Um unsere Resilienz und Unabhängigkeit mittel- bis langfristig zu stärken, muss die EU digitale Souveränität erreichen, Datenschutz konsequent durchsetzen und einen anderen Umgang mit den Tech-Giganten finden. Während die EU mehr Waren in die USA exportiert als von dort importiert, sind die Rollen bei Dienstleistungen umgekehrt. Europäische Unternehmen transferieren durch den Kauf von Cloud- und Softwarediensten jährlich schätzungsweise 264 Milliarden Euro in die USA. Dies stellt ein Sicherheitsrisiko dar und kostet die EU-Wirtschaft Arbeitsplätze und Wachstum. Diese digitale Abhängigkeit untergräbt auch zentrale Werte der EU - wie Demokratie, Transparenz, Datenschutz und fairen Wettbewerb. Viele der großen Technologieunternehmen wie Google, Amazon, Facebook und Microsoft wurden wiederholt wegen wettbewerbswidrigen Verhaltens sowie der illegalen Erhebung und Verwendung personenbezogener Daten von Bürgern und Arbeitnehmern mit Geldstrafen belegt. Die EU täte gut daran, mehr strategische Autonomie auf entscheidenden Ebenen der Technologieentwicklung -etwa bei Cloud-Diensten - aufzubauen. Sie verfügt über die Mittel, um gezielt in die digitale Infrastruktur zu investieren. Das würde Europas Fähigkeit zu autonomem Handeln stärken und zugleich das wirtschaftliche Wachstum fördern.
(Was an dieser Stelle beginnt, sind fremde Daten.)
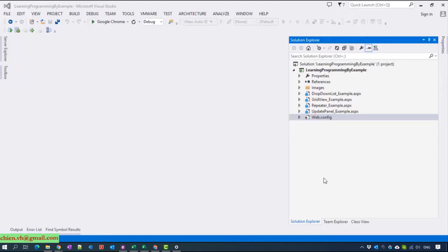Hi, my name is Tien and welcome back to the video tutorial for learning programming language by example. Today I will start day 6 and I will guide you how to use the update panel with repeaters together on a web page.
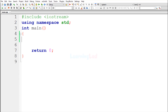Hi, this is Anil from learninglad and welcome to another video on C++ programming language. In this video we will see how we can write a C++ program to check if the integer number entered by the user is an even number or an odd number. Before getting started we will see what is an even number and what is an odd number.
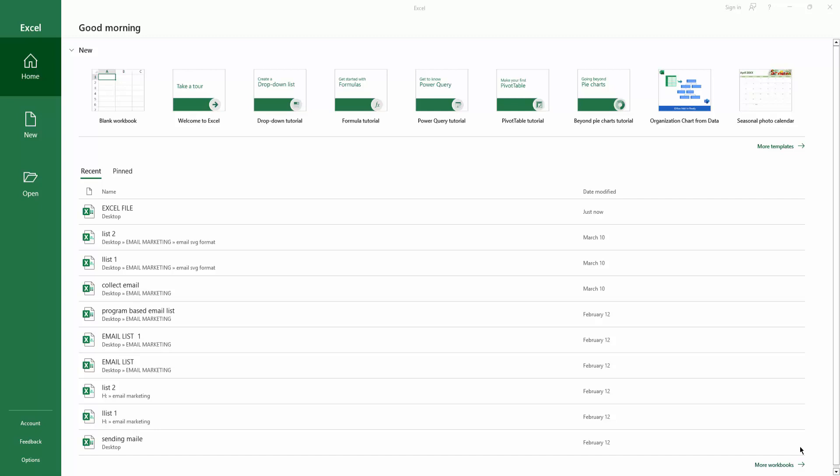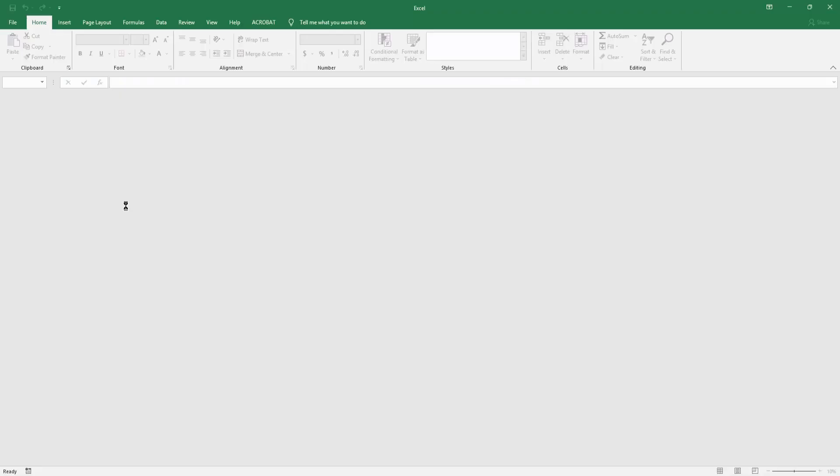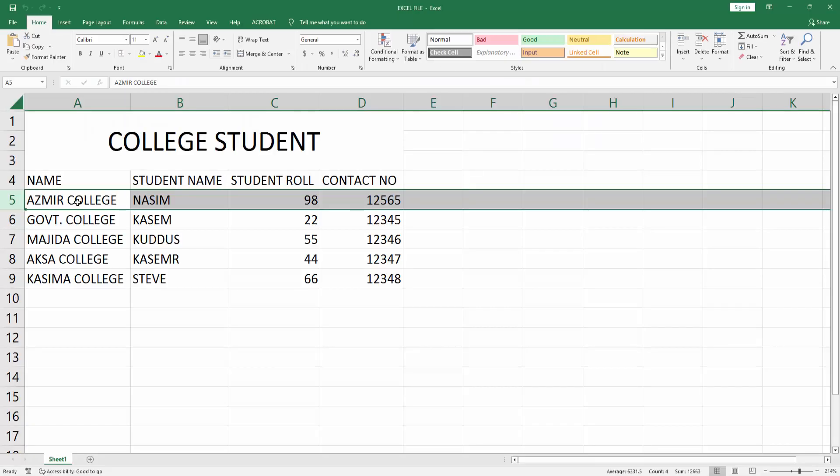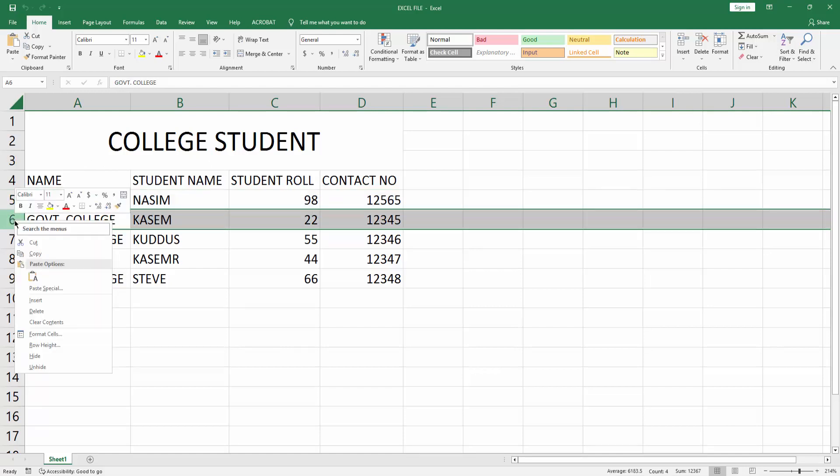Then open your Excel file. Now you can see here is my sheet. Now I can add a row without a column in this sheet right now. Right click on this row and click insert.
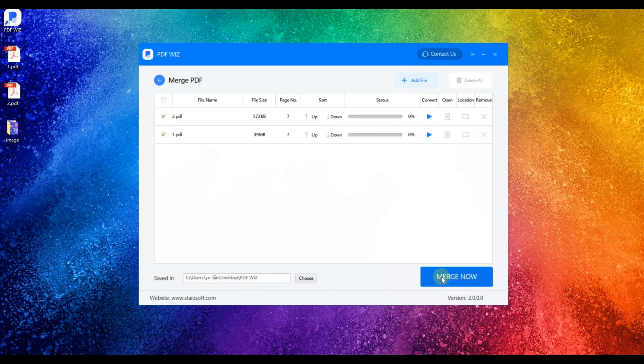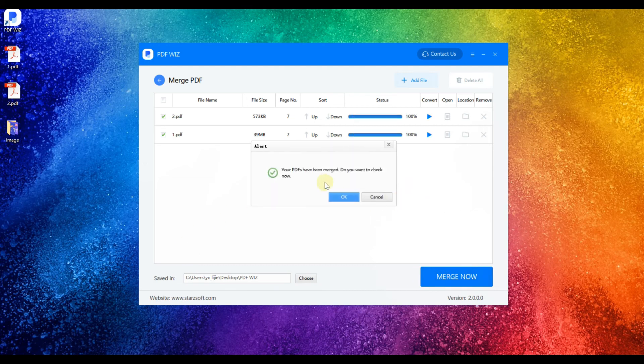Step 4. Finally, click on Merge Now. This will take a while depending on the file size.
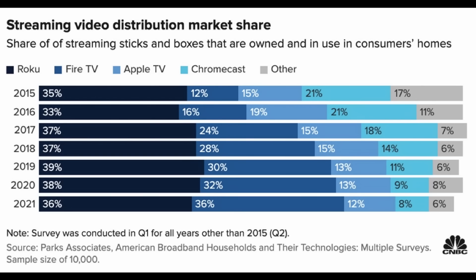But first, a little bit of context. Research made by NBC is showing that since 2015, there's more people buying Fire TV than other brands.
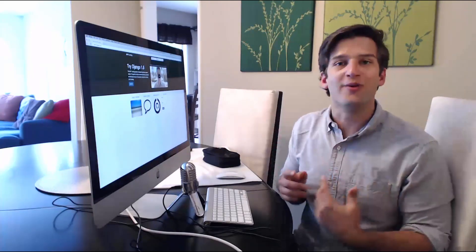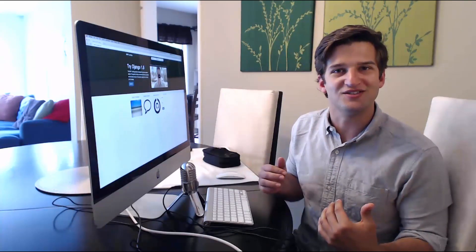We also have a YouTube channel that has all of our free stuff — youtube.com/codingentrepreneurs or joinCFE.com/YouTube. All of those links will be around here somewhere. Again, thank you so much for joining us and we look forward to seeing you throughout the series, as well as hopefully some of our other classes. Thank you so much.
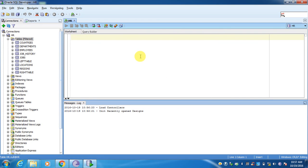Hi, today I will show you how to write left outer join query, right outer join query, and full outer join query.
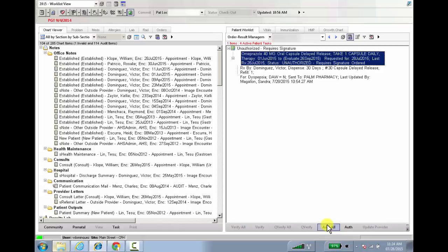You can do the same thing when your MA queues up multiple orders for you. So this Authorize All button is new and I think a lot of you are really going to like it.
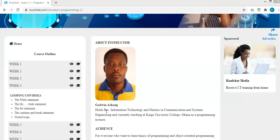Good morning, good afternoon, or good evening based on the time you are accessing this material. Welcome to C++ programming, this is Week 4. If you are accessing this video on YouTube, this is a course found on coolcharts.com.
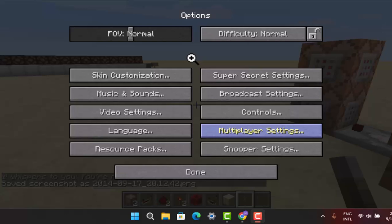First of all, you have to go and log in, and then go to the options or menu tab. Under it, you can find options. After that, you could go and select multiplayer settings.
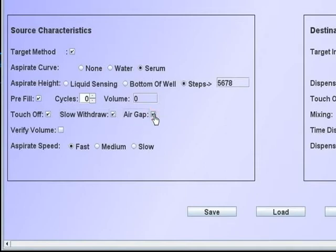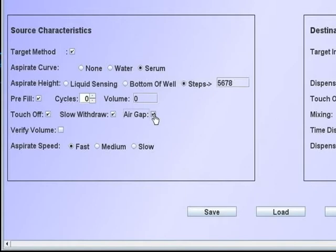If air gap is checked, a 5 microliter air gap will be automatically aspirated after the tip reaches its top Z position prior to moving. The volume of the air gap is set in the parameters.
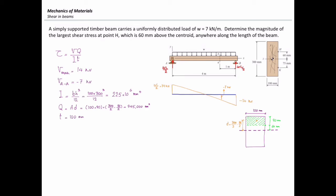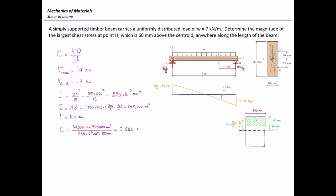T, the thickness of this beam, is equal to 100 millimeters. Now I'm ready to plug the values into the shear stress equation. For the maximum shear stress at point H everywhere in this beam, I use V_max = 14 kilonewtons (14,000 newtons), Q = 945,000 mm³, moment of inertia I = 225×10⁶ mm⁴, and thickness t = 100 mm. That gives the maximum shear stress at point H equal to 0.588 megapascals. That is the largest shear stress at point H anywhere along the length of the beam.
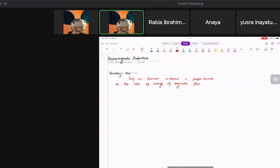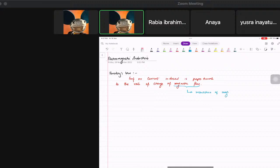Now, magnetic flux — this word — is basically the interaction of magnetic field and the coil, or wire, whatever it is.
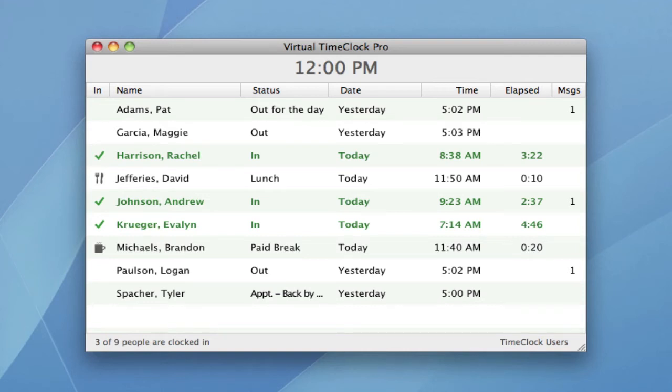Hi, I'm Jeff, a product specialist here at Red Court Software, and I want to take you on a little tour of Virtual Time Clock.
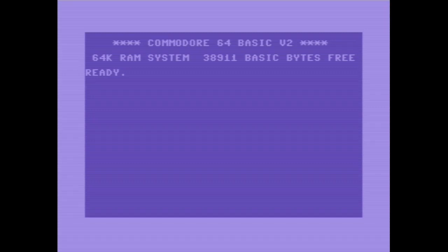The Commodore 64 used a fatter double-width font than the VIC-20 because the video quality of the early VIC-2s wasn't very good. Therefore, they had to make the 64's font fatter than the one on the VIC-20.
Ja, wir müssen uns vor aggressiven handelspolitischen Taktiken der USA schützen und den USA deutlich machen, dass die EU keine Bedrohung für die USA darstellt. Vor allem müssen wir uns auf unsere eigene Stärke besinnen. Dies erfordert eine bessere Koordinierung innerhalb der EU, eine größere Akzeptanz von staatlichen Beihilfen und eine aktive Industriepolitik. Die EU sollte ihre industrielle Basis schützen und gezielt stärken. Darüber hinaus sollte die EU die Handelsintegration zwischen den Mitgliedstaaten weiter vertiefen, um unabhängiger von globalen Handelsströmen zu werden. So könnte aus den Angriffen eine stärkere Europäische Union erwachsen.
Knut Dethlefsen leitet das Kompetenzzentrum Zukunft der Arbeit der Friedrich-Ebert-Stiftung in Brüssel. Zuvor leitete er die Büros der FES in Washington, D.C, Warschau, Ost-Jerusalem und Shanghai.